Among the hundred dishes included in the first version of robotic chef is Tim Anderson’s crab bisque, a particularly difficult recipe that requires striking the right balance between tomatoes, crabmeat and spices. Even though it took Anderson himself five times to make this soup just right with the motion capture system, Oleynik believes this is a testament to the growing power of Artificial Intelligence.

(Photo credit: Moley)

Since the Moley kitchen could essentially cook any downloadable recipe on the internet, the food-robotics-AI startup expects to include a “share and sell” your own recipes feature, where consumers and professional chefs could access and sell their ideas via the “digital style library of recipes” database. Designed to work with anyone who has the desire (and the ability) to cook, this platform for collective creativity and knowledge could become a launching pad for aspiring chefs.

Like many people, I find the idea of a master robot chef at home brilliant yet a little frightening. While the convenience of having a device that could cook anything from the internet is no doubt amazing, but does it really work? For a kitchen that seems so reliant on the internet, what happens if you lose WiFi connection? So as someone with a decent imagination and not enough tech knowledge, my mind went on to visualize this robotic chef chopping aimlessly while I remain frightened and stuck without a meal. 

In response to this fear, Oleynik assured me that reliable operation is the single most important requirement for the robot. “A key part of the development process is ensure the safe and consistent operation of the kitchen, within normal parameters,” he said. And while you may need WiFi for pulling in new recipes, recording a new dish or sharing your work, the database of recipes that comes with the kitchen is available offline. What’s more, the robotic kitchen can always be used manually too.

However, beyond the concern for safety, I also wonder if it’s that easy to imitate the unique qualities of a master chef. For instance, noted Austin Gresham, Executive chef at The Kitchen by Wolfgang Puck in Grand Rapids, Michigan,

Professional chefs have to improvise constantly as they prepare dishes. If a recipe says to bake a potato for 25 minutes and the potatoes are more or less dense than the previous batch, then cooking times will vary. I would challenge any machine to make as good a mashed potato (from scratch) as a cook who works for Joel Robuchon. Additionally, pots, pans, ovens, and grills have hot and cold spots. A chef has to quickly improvise and turn sheet pans in ovens, not use certain spots on a grill and certain pans etc.

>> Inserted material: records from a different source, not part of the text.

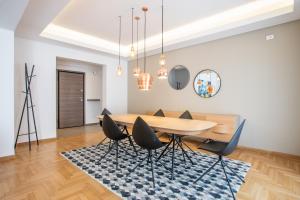 Zdjęcie z galerii obiektu Exquisite HiEnd 3bdr 4th flr Top Kolonaki spot w Atenach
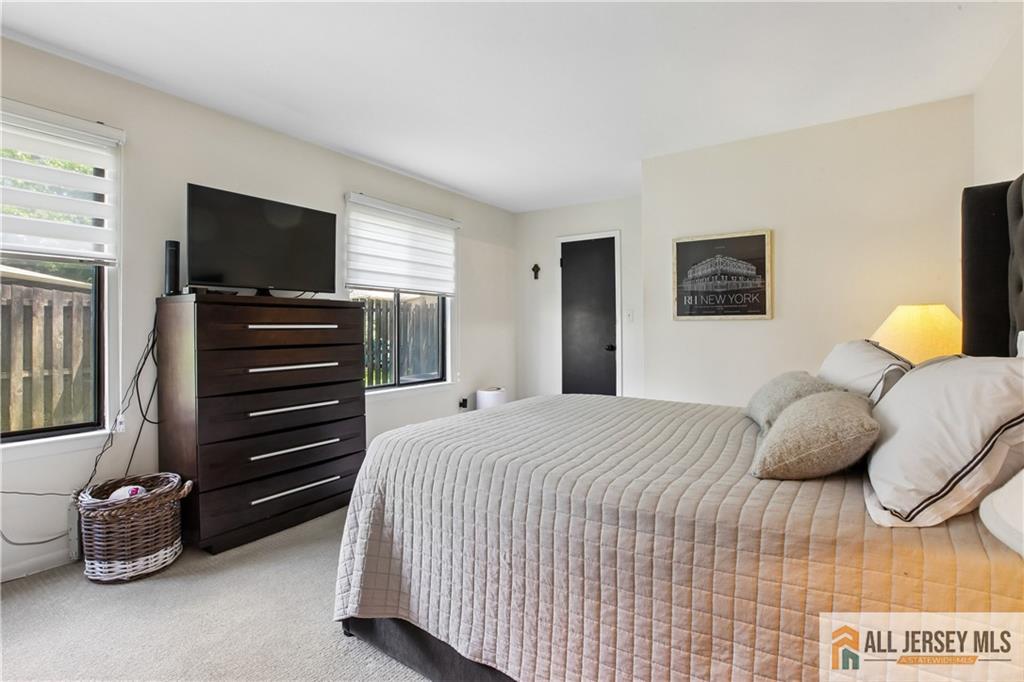 2 Park Gate Drive 1002, Edison, NJ, 08820 image 18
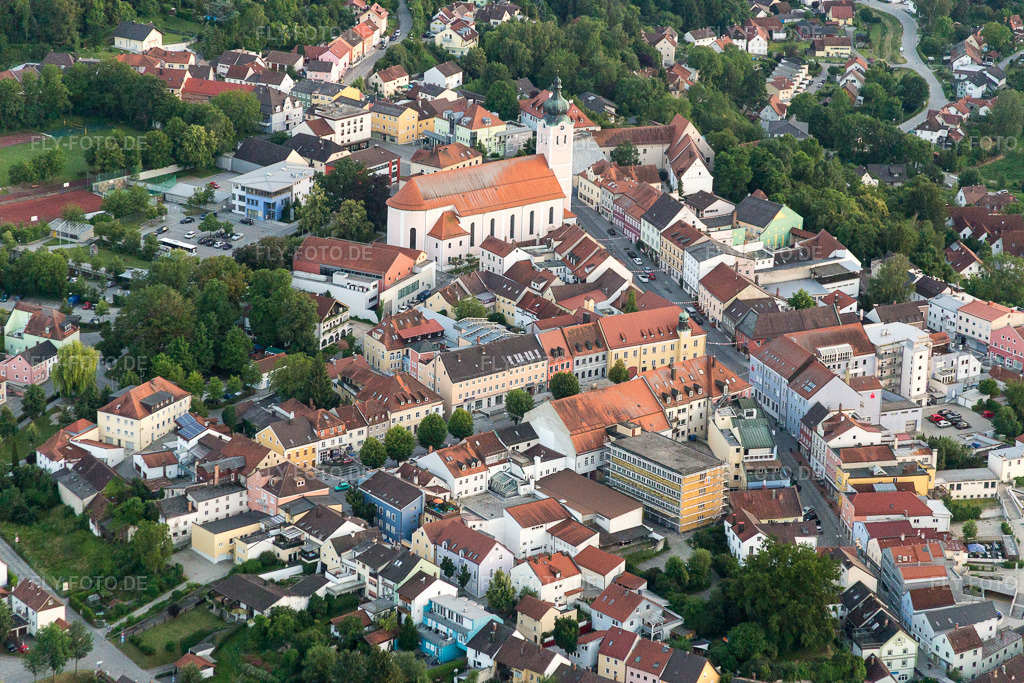 Luftbild: Stadtpfarrkirche St . Maria im Altstadt- Zentrum der Innenstadt an der Isar im Ortsteil Zanklau in Landau im Bundesland Bayern in Deutschland. Foto: IMG_090407.jpg vom 01.07.2016 durch Werner Riehm/FLY-FOTO.de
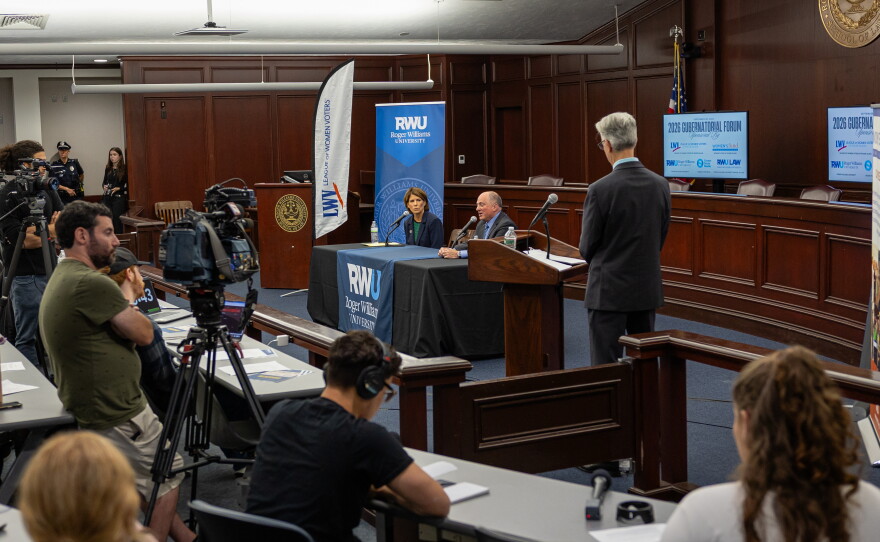 OSM political reporter Ian Donnis moderated the Sept. 30 gubernatorial forum. Credit: Rose Wheeler/Ocean State Media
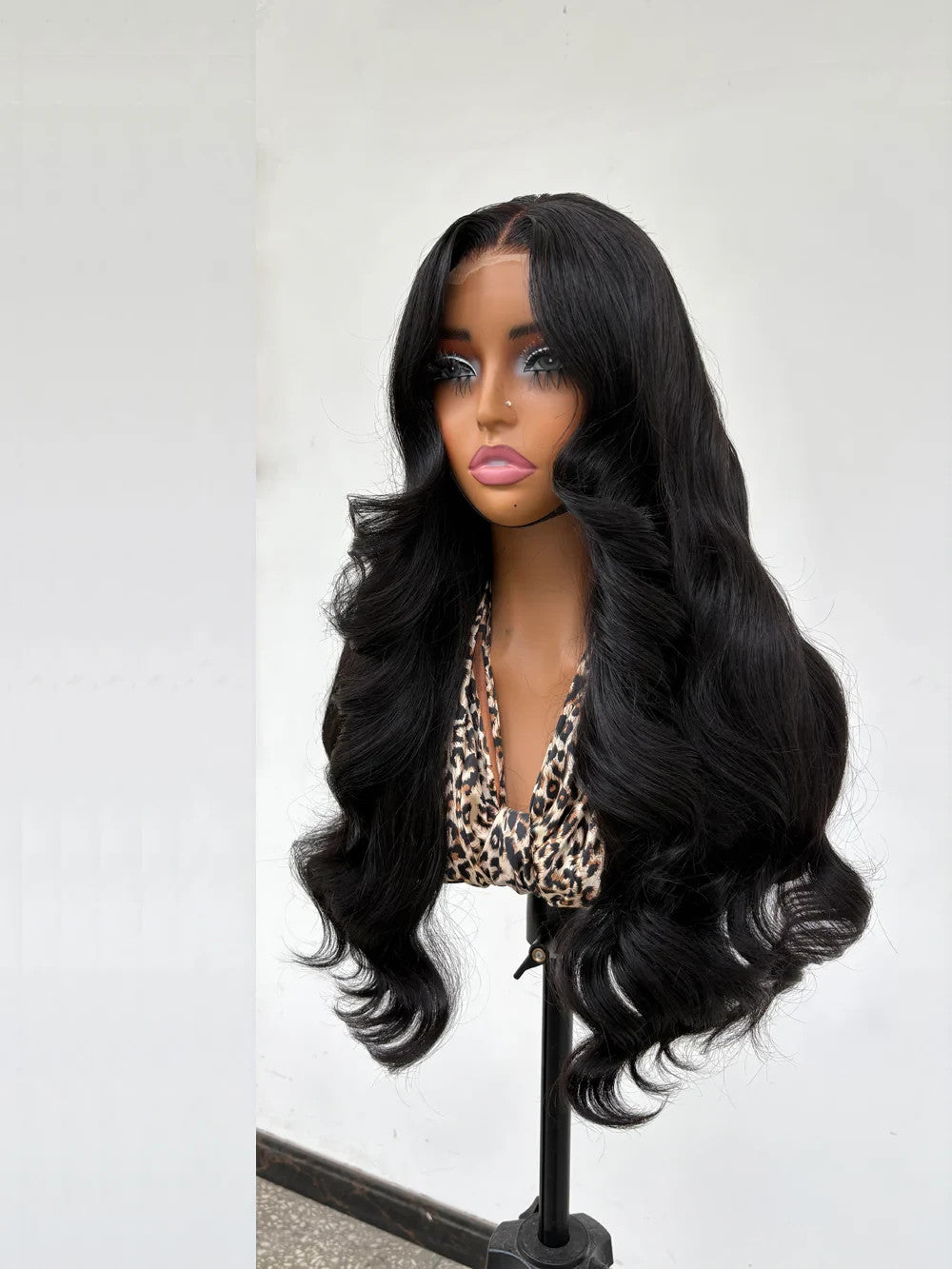 Double Drawn Wigs HD 5x5 Glueless Wigs Layered Wave Natural Black Human Hair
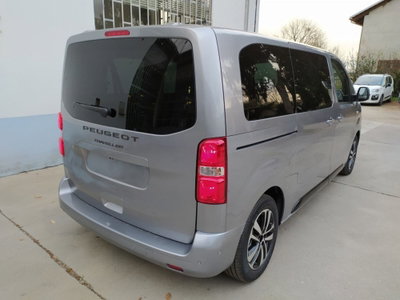 Peugeot Traveller BlueHDi 180 S&S EAT8 Long Business (13)
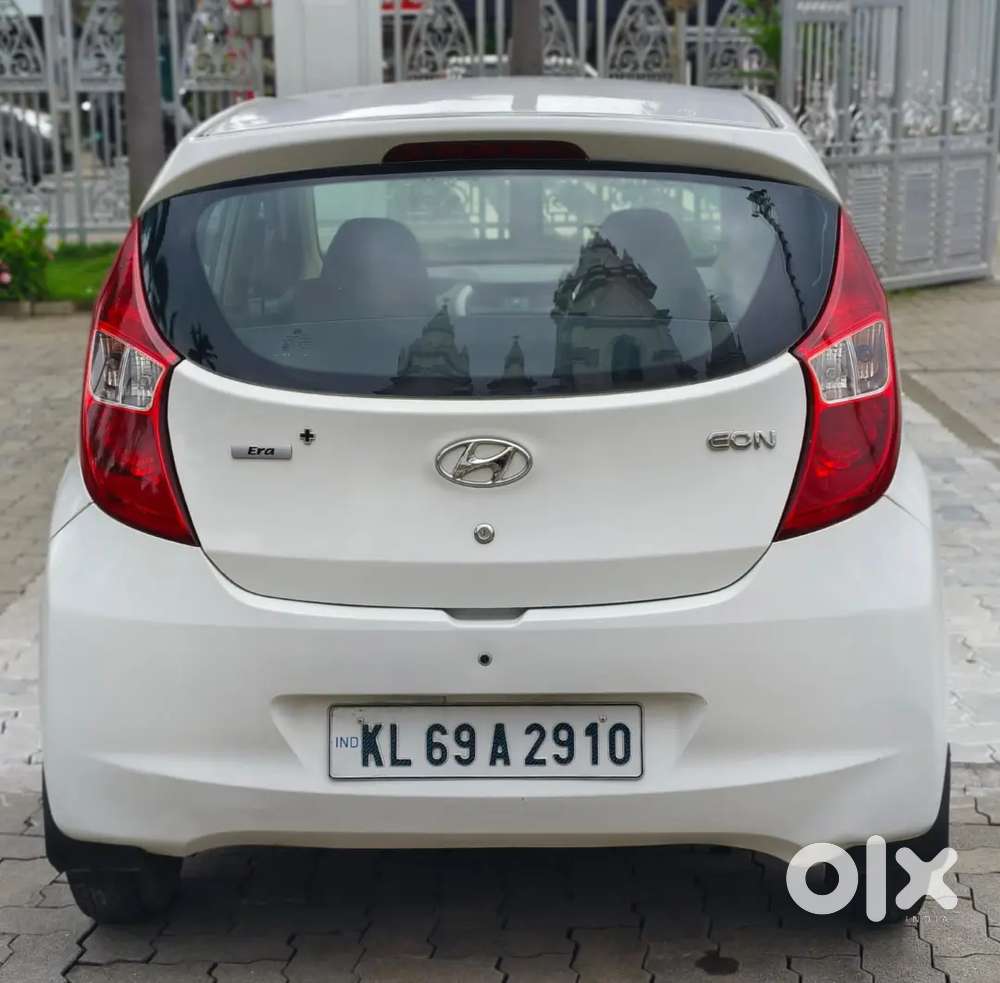 2016 Eon Era+ Petrol Manual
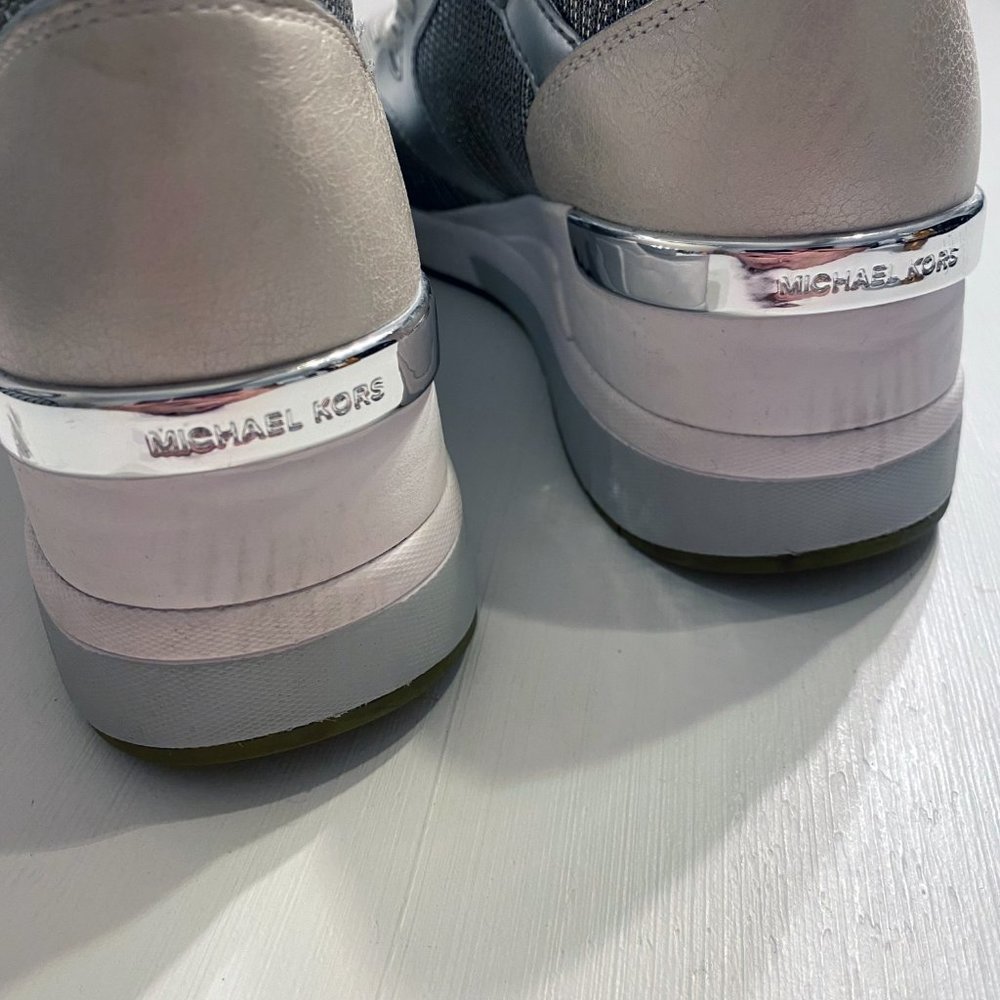 Michael Kors Liv Trainer Women's White Silver Glitter Mesh Leather Sneaker 8.5 M - Picture 6 of 8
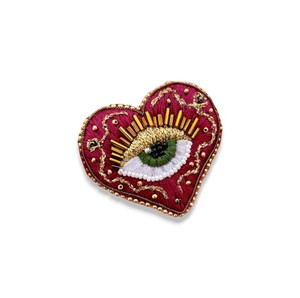 Broches de diamantes de imitación bordados a mano de corazón rojo con ojo, Broches hechos a mano con cuentas de alambre de lingotes, PIN de moda - Product Image 3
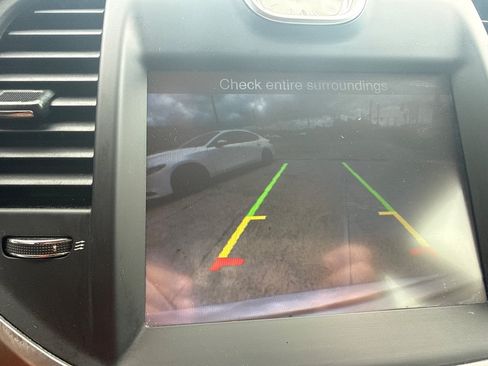 Used 2011 Chrysler 300 C w/ Sound Group RWD image 16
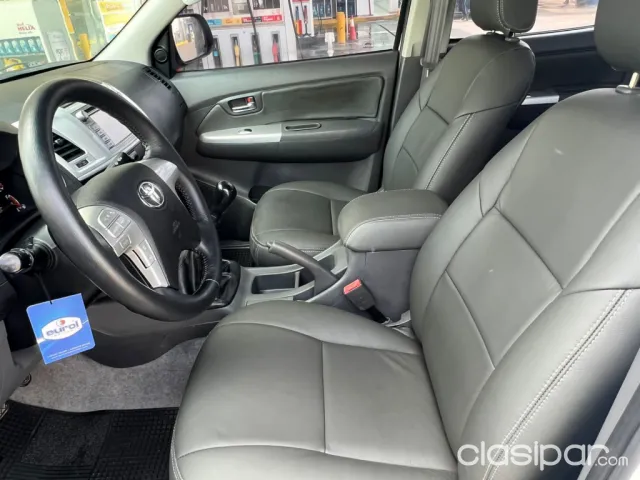 Toyota Hilux 2015 — foto 3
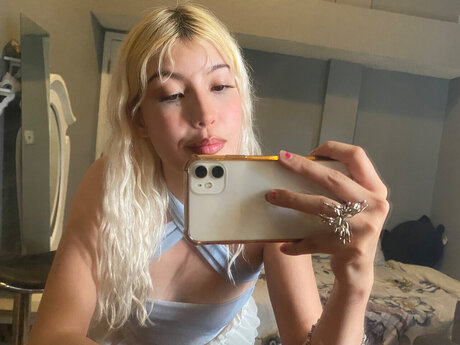 Foto desnuda filtrada de OnlyFans de Mo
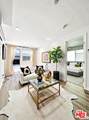 908 Louise St - Photo 3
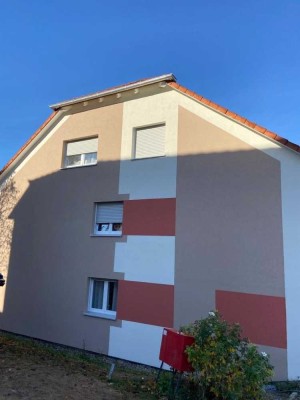 Einziehen und Wohlfühlen: 3 Zimmer-Dachgeschoßwohnung in Sennfeld sucht neue Bewohner/innen!!
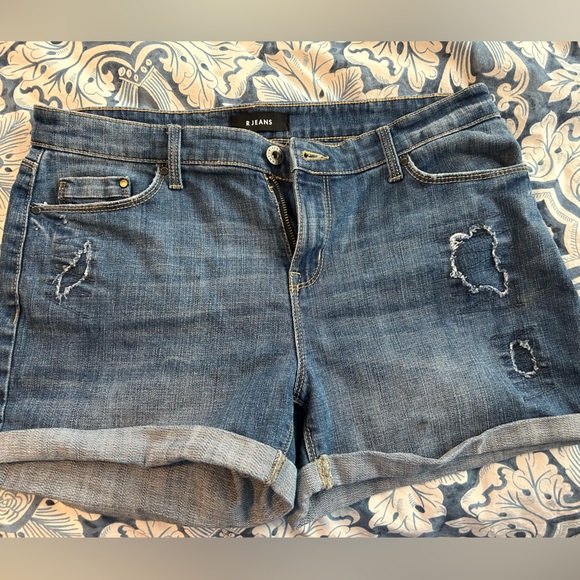 Distressed Jean shorts - Picture 1 of 2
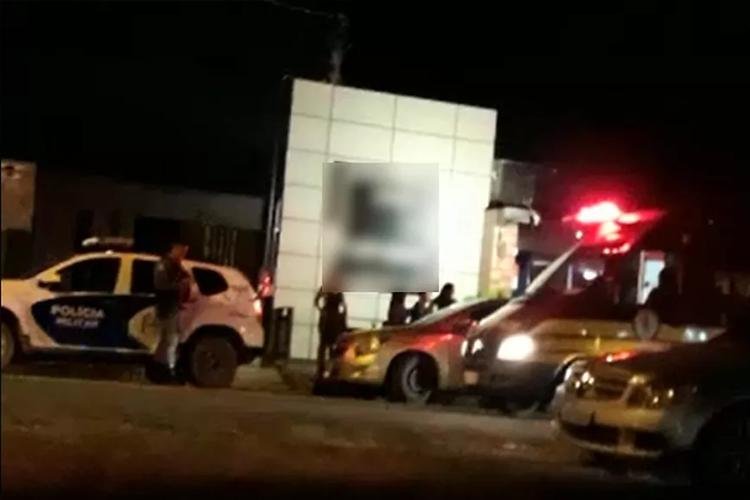 Vídeo mostra ação de policial civil que invadiu e atirou contra clientes de bar no AP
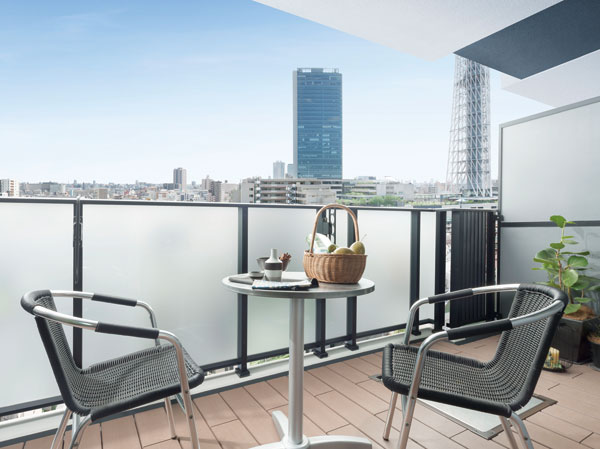 balcony ・ terrace ・ Private garden.  [balcony] Fun fine time-free. Enlightenment with time of socializing, Spend their own way of time, Immerse yourself in the hobby of time. To the beautiful room, And when fine flow.  ※ In fact a somewhat different in a composite of view photograph of the local 14th floor equivalent cage shooting (February 2013).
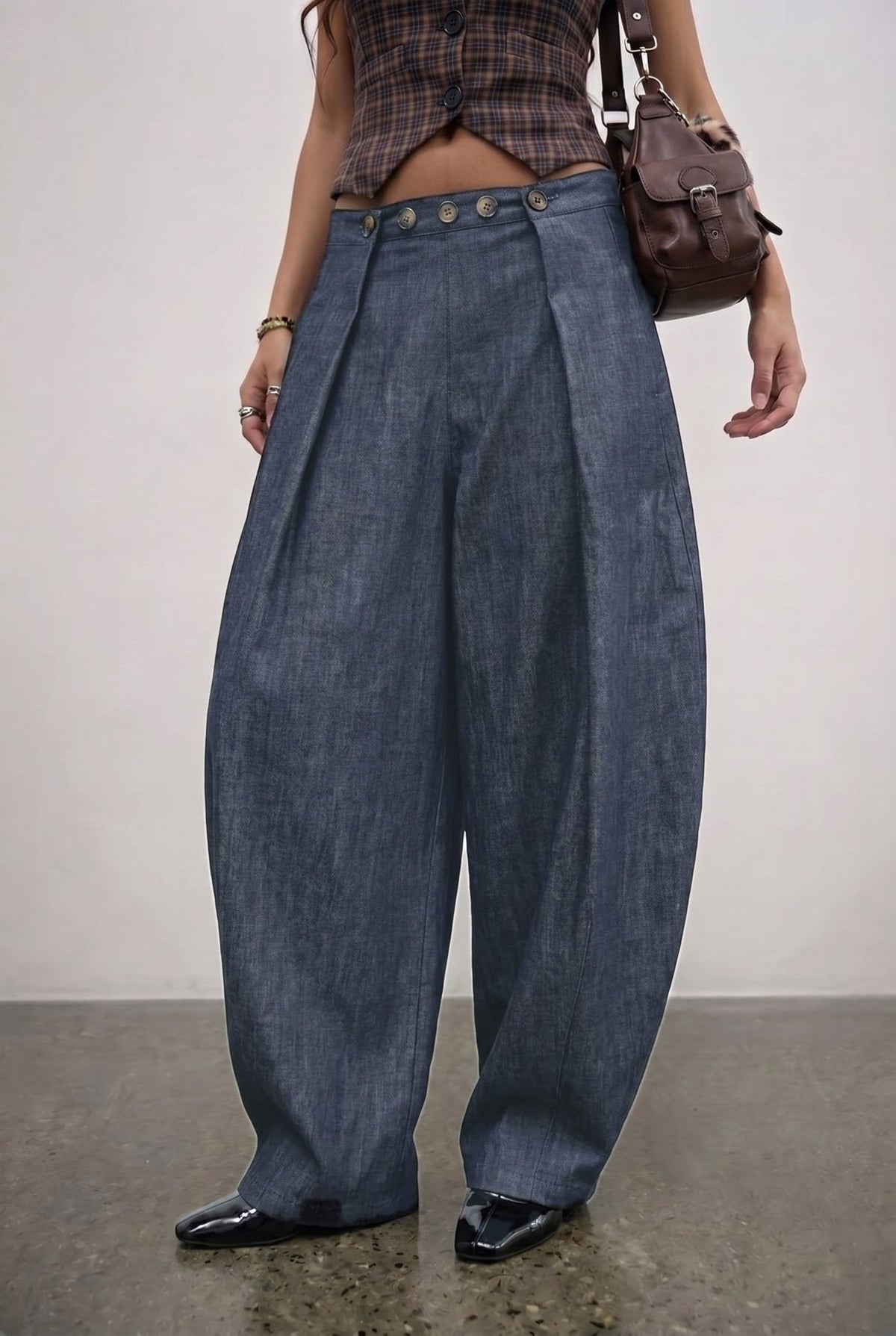 Blue Buttoned-Up Jeans - BEEGLEE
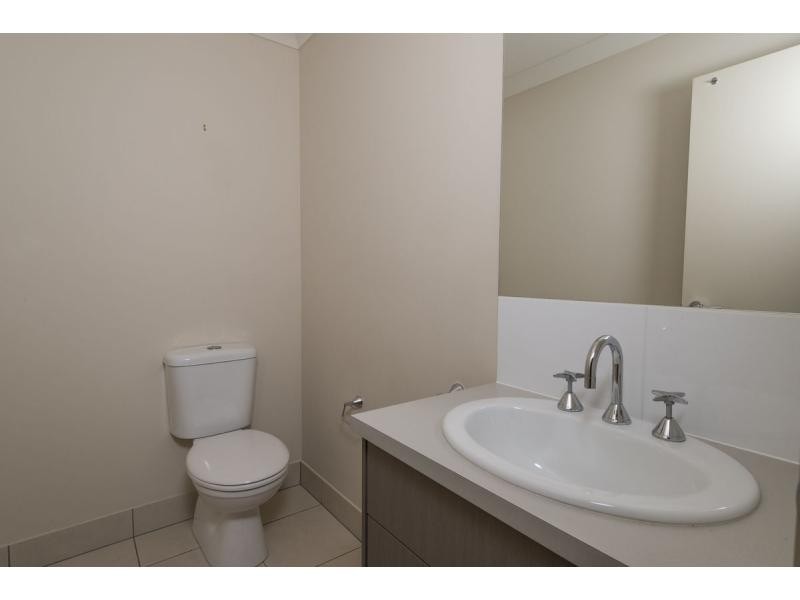 30 Willow Tree Drive, Reedy Creek QLD 4227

What’s more, if the robot lacks the key senses of a human being, one must question how it could adjust its pressure to kneading a dough according to its consistency. Virgile Brandel, Executive Chef of Conrad Miami agrees. He added,

Chefs put a little bit of themselves into every meal that is prepared, making no two dishes identical – I believe that it’s because of the Chef’s own personal touch, plating the dish and flavors in the preparation that truly make a quality dish. Most importantly, I think one must engage all five senses in order to prepare the perfect meal.

From a scientist’s perspective, Siddhartha Srinivasa— Finmeccanica Associate Professor in Computer Science at The Robotics Institute of Carnegie Mellon University—considers Moley’s robotic system as an intriguing and potentially disruptive force in the food and tech industries. And while there are recipes that are more forgiving to errors than others, he believes that the technology is still (budget permitting) at least five to ten years away from rendering truly master chef quality meals.

Much like Gresham and Brandel, the robotics expert reckons the greatest challenges facing Moley and its competitors are the tactile and olfactory senses needed to prepare a high-quality meal. He said,

One must also consider the wide range of ingredients out there—Tomatoes don’t all look or taste the same, some vegetables may require pulling the leaves out, while potato skins may require peeling. All this effectively means that engineers have to close the feedback loop of these machines, making sure that they could sense different chemicals in the food, temperatures and react more efficiently.

So given the current state of technology, who would realistically shell out approximately $92,000 for this robotic kitchen?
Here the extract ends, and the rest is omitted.